(Dataset items)
——————————

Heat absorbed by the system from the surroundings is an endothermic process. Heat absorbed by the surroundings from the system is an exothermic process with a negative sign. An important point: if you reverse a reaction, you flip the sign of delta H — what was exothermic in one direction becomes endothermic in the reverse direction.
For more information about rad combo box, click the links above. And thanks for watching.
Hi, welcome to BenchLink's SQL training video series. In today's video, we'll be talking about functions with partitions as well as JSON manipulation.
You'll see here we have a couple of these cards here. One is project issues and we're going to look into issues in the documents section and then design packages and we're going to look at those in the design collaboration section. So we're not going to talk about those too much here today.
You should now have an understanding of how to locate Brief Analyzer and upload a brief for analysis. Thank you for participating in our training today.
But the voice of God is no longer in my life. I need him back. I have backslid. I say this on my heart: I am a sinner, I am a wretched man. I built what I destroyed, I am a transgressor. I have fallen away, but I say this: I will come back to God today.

——————————

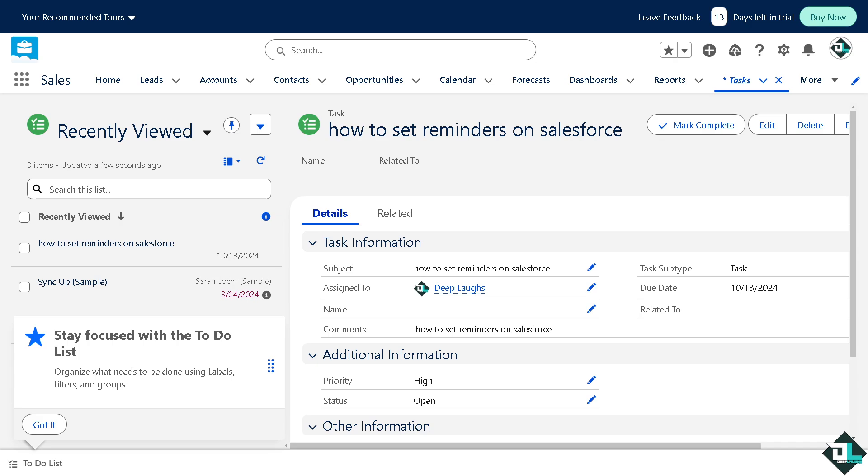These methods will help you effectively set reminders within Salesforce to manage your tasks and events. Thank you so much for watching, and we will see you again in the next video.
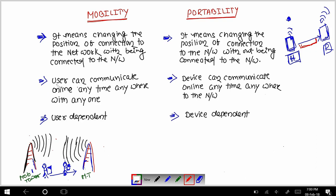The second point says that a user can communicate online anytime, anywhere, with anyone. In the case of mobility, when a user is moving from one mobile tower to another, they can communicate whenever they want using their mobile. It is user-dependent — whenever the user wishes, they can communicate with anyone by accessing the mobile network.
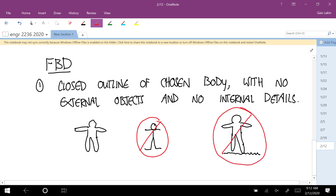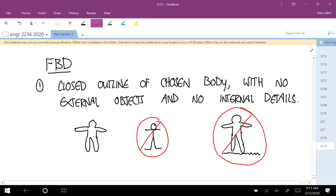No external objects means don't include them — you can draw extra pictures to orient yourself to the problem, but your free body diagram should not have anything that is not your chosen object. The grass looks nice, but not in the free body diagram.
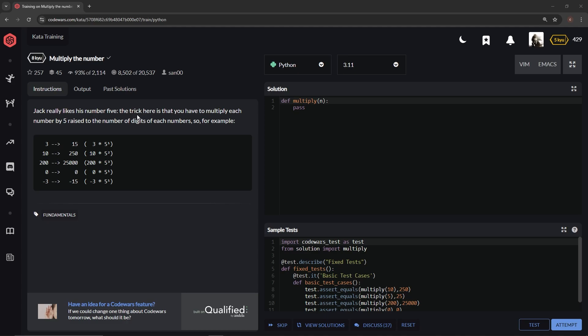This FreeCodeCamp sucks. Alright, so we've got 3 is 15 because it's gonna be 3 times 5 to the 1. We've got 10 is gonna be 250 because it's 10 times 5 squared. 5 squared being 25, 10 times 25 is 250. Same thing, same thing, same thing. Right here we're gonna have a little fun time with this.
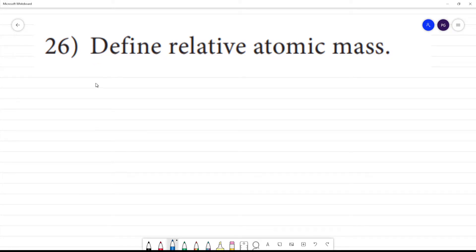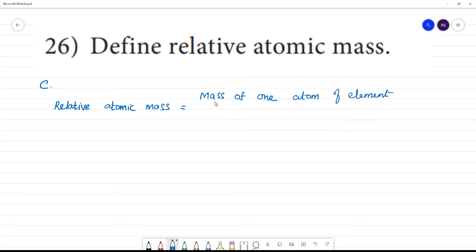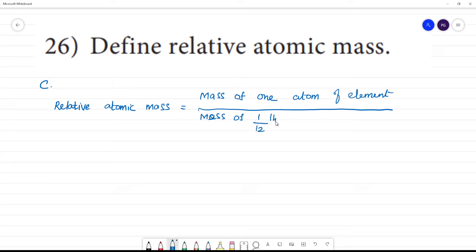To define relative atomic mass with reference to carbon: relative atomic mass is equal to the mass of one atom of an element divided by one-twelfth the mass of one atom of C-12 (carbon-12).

——————————

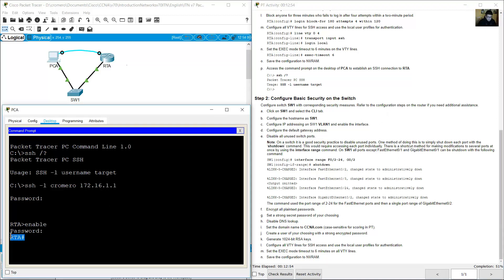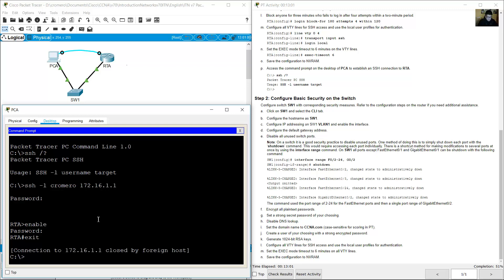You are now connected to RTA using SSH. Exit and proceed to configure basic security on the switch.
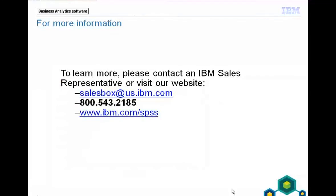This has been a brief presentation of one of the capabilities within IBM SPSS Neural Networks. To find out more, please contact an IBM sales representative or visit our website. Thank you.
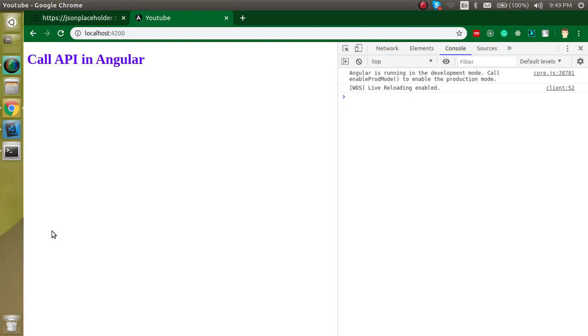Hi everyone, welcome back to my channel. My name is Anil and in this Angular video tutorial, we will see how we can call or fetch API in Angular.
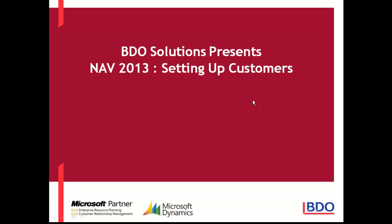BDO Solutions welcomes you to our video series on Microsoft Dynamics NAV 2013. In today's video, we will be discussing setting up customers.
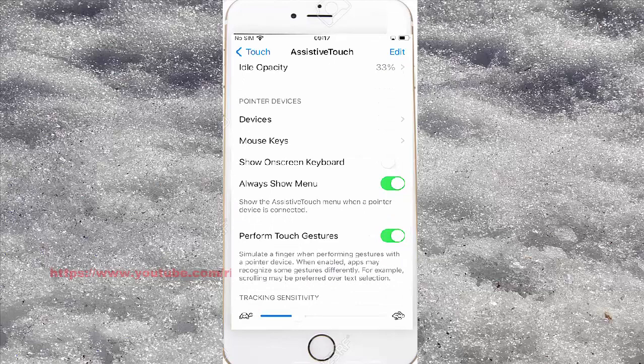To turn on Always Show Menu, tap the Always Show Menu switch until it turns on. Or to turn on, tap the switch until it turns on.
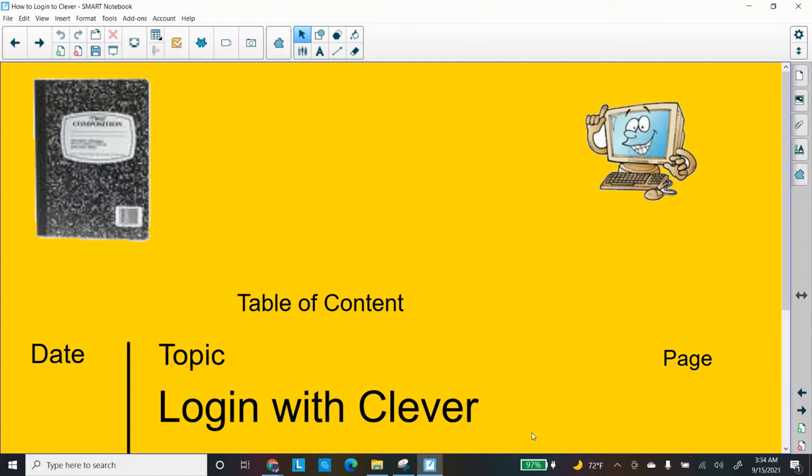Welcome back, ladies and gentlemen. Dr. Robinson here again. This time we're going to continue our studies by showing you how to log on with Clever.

——————————

Your task:
Using the records above, print exactly the lines between the ones containing "You are now" and "This has been", inclusive, and nothing else; no pictures.

Your response:
You are now connected to RTA using SSH. Exit and proceed to configure basic security on the switch.
This has been a brief presentation of one of the capabilities within IBM SPSS Neural Networks. To find out more, please contact an IBM sales representative or visit our website. Thank you.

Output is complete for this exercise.